WELLINGTON, Oct. 14 (Xinhua) -- The New Zealand government's plans to develop offshore oil and gas production received another blow Friday with Norwegian oil giant Statoil abandoning exploration off the top of the North Island.
Statoil said it had informed the New Zealand government of its decision to stop looking for oil and gas in the Reinga Basin.
In 2013 and 2014, the company was awarded two exploration permits for the Reinga Basin, about 85 km off the west of the North Island's Northland province.
"After studying 2D seismic data of the search area for the past three years, we think the chance of making a large oil or gas discovery is small, so we have decided to conclude our exploration work in Northland and return those exploration permits to the Crown," Statoil New Zealand country manager Brynjulv Kløve said in a statement.

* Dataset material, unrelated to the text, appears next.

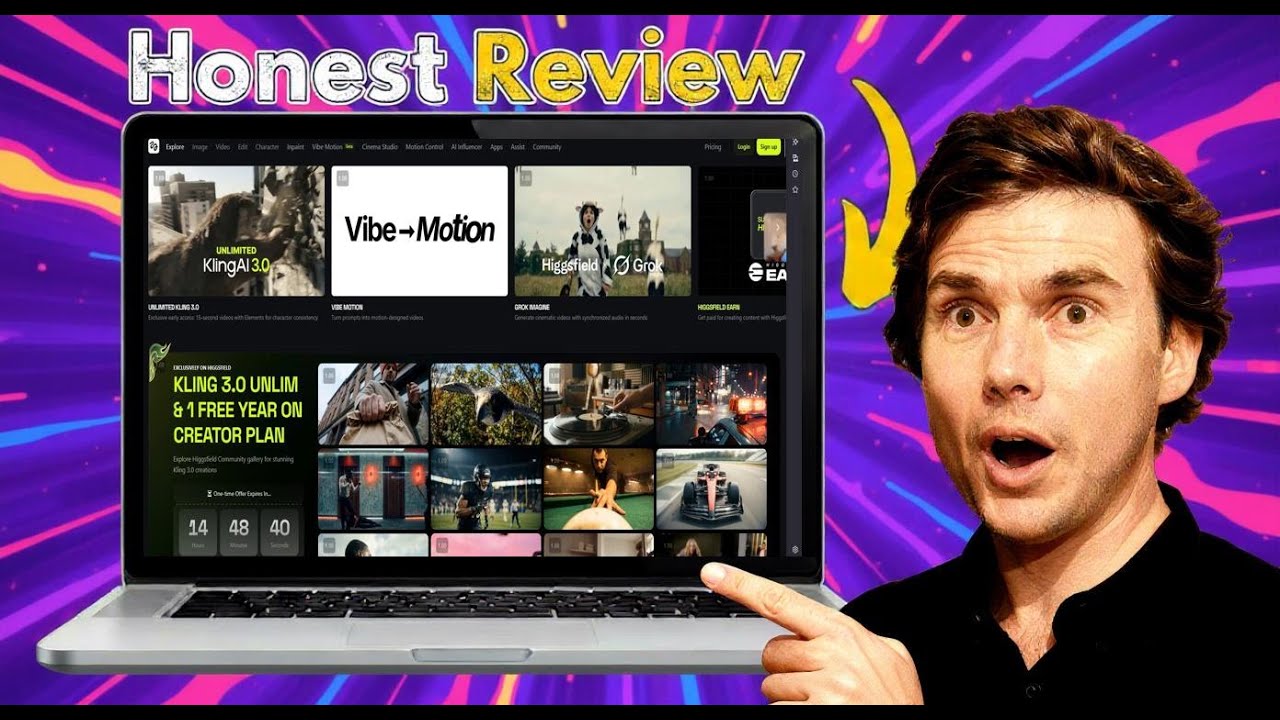 Higgsfield Vibe Motion Review 2026: Features, My Experience, Pros & Cons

"Some may speculate we are surrendering the permits for various reasons, but the only reason is that we see the probability too low to justify continuing our search."
The company would shift its focus to its four exploration permits off the southeast coast of the North Island, and to exploration projects elsewhere in the world.
The opposition Green Party said the government should now abandon its plan to turn New Zealand into a major oil and gas producing nation.
Statoil's decision followed Brazilian company Petrobras, which gave up looking for oil in New Zealand in 2012, and Anadarko, which gave up in 2014, Green Party energy and resources spokesperson Gareth Hughes said in a statement.
"It turns out the oil companies think there just isn't much oil in New Zealand, but the government is still desperately trying to open up another half a million square kilometers for drilling."
International environment campaign group Greenpeace greeted the announcement with a call "for a summer of action to drive Statoil and other oil companies out of the country for good."
"The industry should expect community resistance at every turn, and the government should prepare for a battering of its climate-denialist oil agenda," Greenpeace climate and energy campaigner Kate Simcock said in a statement.
Last month, the government controversially announced it was considering allowing further offshore exploration, including an area in the habitat of the world's rarest dolphin, the Maui's dolphin, which has an estimated population of just 55.
Energy and Resources Minister Simon Bridges acknowledged that oil prices were low, but said the government was "committed to providing a stable and predictable regime."